• Work to be completed:
Your task is to return the span of lines beginning at the one with "90s Bollywood heroine" and ending at the last line of the data, exactly as it stands.

• Extracted entries:
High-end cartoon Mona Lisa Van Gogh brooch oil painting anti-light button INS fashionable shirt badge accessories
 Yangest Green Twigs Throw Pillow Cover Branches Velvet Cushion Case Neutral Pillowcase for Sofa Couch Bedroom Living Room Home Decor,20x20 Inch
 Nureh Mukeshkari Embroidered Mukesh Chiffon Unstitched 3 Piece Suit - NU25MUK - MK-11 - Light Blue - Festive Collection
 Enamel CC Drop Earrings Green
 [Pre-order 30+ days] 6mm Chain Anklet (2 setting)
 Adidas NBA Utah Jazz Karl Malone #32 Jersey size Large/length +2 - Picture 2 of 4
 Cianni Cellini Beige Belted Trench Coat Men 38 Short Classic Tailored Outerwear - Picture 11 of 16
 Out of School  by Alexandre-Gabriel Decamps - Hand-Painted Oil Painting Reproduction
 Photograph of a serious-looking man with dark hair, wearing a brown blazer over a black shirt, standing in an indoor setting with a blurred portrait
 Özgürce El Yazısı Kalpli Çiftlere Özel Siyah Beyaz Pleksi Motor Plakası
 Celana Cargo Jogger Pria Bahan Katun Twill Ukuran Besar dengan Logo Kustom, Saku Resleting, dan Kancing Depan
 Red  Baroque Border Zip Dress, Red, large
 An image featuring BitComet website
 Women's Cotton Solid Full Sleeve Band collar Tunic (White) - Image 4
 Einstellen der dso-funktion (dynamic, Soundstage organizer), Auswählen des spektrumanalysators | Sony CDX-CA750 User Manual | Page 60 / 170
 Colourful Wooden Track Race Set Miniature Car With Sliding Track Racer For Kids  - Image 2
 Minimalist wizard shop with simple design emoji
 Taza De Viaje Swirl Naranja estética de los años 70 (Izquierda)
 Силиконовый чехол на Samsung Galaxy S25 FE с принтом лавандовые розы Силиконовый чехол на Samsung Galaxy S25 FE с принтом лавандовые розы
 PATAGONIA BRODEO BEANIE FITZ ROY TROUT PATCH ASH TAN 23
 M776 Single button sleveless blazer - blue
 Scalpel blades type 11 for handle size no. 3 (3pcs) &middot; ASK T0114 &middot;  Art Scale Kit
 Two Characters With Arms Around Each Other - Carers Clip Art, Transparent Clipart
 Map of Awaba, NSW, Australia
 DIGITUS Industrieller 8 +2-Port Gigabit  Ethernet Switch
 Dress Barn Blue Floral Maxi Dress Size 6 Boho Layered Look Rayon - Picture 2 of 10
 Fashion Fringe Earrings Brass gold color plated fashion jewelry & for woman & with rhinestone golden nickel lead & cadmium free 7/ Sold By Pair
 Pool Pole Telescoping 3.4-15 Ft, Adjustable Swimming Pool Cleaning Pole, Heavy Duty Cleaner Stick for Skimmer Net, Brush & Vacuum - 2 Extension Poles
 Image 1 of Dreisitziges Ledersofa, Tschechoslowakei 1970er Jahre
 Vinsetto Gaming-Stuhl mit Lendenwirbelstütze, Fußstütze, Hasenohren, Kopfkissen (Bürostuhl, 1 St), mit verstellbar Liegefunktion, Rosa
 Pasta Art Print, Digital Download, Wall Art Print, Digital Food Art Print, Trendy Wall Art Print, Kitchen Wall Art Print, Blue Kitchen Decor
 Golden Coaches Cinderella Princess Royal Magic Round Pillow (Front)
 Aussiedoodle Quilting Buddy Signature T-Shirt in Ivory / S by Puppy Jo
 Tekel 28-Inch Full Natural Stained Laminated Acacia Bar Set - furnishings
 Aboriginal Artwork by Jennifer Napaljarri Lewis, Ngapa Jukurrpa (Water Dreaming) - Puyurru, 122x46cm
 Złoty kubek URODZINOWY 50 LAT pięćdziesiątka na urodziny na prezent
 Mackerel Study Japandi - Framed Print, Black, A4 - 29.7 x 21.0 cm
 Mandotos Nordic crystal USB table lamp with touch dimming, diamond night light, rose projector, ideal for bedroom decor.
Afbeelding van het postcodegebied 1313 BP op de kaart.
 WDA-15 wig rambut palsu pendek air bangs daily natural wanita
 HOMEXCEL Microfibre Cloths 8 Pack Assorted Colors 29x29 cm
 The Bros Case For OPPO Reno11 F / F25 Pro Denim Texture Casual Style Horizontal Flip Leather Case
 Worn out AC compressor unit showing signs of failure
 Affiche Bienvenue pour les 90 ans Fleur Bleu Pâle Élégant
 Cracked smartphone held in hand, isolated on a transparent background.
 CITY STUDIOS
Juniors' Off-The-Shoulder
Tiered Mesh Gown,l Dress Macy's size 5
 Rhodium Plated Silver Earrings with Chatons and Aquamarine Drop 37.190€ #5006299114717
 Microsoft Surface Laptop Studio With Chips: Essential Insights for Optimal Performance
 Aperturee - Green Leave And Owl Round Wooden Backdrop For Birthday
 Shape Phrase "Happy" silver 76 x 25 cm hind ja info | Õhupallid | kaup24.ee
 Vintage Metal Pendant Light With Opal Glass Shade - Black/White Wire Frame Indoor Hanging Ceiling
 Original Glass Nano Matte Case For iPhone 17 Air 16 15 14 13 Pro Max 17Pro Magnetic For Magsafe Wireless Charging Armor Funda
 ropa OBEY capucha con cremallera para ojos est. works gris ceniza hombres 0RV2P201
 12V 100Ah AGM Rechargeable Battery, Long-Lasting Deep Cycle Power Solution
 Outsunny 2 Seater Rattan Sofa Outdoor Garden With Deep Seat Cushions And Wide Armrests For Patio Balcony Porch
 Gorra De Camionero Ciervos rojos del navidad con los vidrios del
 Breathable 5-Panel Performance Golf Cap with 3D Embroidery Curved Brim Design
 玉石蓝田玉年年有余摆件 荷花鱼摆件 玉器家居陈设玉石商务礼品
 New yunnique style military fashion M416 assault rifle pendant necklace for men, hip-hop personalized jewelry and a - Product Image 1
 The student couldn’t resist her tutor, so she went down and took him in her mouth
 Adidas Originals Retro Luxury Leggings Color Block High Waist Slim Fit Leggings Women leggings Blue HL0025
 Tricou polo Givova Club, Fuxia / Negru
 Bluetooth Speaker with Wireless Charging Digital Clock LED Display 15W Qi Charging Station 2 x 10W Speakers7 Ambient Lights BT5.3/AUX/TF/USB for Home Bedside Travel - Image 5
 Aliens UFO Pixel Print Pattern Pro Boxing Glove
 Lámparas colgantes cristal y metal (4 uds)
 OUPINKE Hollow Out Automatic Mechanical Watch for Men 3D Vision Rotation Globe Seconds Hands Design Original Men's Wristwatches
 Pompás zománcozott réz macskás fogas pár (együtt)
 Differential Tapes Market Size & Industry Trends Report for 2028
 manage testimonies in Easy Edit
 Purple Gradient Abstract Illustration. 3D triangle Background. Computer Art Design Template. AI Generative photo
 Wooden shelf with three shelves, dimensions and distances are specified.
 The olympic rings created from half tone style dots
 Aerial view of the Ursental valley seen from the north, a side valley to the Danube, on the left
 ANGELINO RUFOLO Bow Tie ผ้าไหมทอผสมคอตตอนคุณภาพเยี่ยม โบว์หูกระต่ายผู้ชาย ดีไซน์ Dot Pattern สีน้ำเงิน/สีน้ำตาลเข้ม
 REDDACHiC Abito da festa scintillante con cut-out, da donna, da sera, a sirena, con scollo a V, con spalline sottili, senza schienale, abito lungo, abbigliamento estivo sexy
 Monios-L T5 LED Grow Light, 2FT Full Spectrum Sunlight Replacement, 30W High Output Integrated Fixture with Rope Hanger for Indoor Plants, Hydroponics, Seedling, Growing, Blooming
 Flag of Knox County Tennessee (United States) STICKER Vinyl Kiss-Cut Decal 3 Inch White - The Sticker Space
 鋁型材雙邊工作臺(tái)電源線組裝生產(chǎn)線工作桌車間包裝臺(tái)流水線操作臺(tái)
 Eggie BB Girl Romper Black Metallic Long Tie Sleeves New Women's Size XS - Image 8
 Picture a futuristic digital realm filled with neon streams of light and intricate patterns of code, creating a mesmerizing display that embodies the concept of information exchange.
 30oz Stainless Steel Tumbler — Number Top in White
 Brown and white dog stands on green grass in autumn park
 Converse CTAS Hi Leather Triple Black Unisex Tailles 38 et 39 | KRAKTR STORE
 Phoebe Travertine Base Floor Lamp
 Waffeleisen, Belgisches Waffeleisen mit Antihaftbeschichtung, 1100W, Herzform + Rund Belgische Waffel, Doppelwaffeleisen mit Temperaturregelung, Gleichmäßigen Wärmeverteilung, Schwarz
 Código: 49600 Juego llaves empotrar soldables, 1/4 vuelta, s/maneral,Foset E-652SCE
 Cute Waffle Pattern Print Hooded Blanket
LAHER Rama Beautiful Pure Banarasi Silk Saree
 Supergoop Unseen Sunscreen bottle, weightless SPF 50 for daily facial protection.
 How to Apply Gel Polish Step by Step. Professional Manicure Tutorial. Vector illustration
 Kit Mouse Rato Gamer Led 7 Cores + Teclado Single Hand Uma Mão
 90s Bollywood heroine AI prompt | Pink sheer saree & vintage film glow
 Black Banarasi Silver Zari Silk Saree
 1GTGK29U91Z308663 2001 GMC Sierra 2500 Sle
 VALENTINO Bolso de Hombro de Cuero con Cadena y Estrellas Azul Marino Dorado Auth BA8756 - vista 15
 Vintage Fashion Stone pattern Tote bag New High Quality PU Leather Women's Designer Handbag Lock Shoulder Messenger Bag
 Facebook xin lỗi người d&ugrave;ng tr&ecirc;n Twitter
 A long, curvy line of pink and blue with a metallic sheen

• Task solution:
 90s Bollywood heroine AI prompt | Pink sheer saree & vintage film glow
 Black Banarasi Silver Zari Silk Saree
 1GTGK29U91Z308663 2001 GMC Sierra 2500 Sle
 VALENTINO Bolso de Hombro de Cuero con Cadena y Estrellas Azul Marino Dorado Auth BA8756 - vista 15
 Vintage Fashion Stone pattern Tote bag New High Quality PU Leather Women's Designer Handbag Lock Shoulder Messenger Bag
 Facebook xin lỗi người d&ugrave;ng tr&ecirc;n Twitter
 A long, curvy line of pink and blue with a metallic sheen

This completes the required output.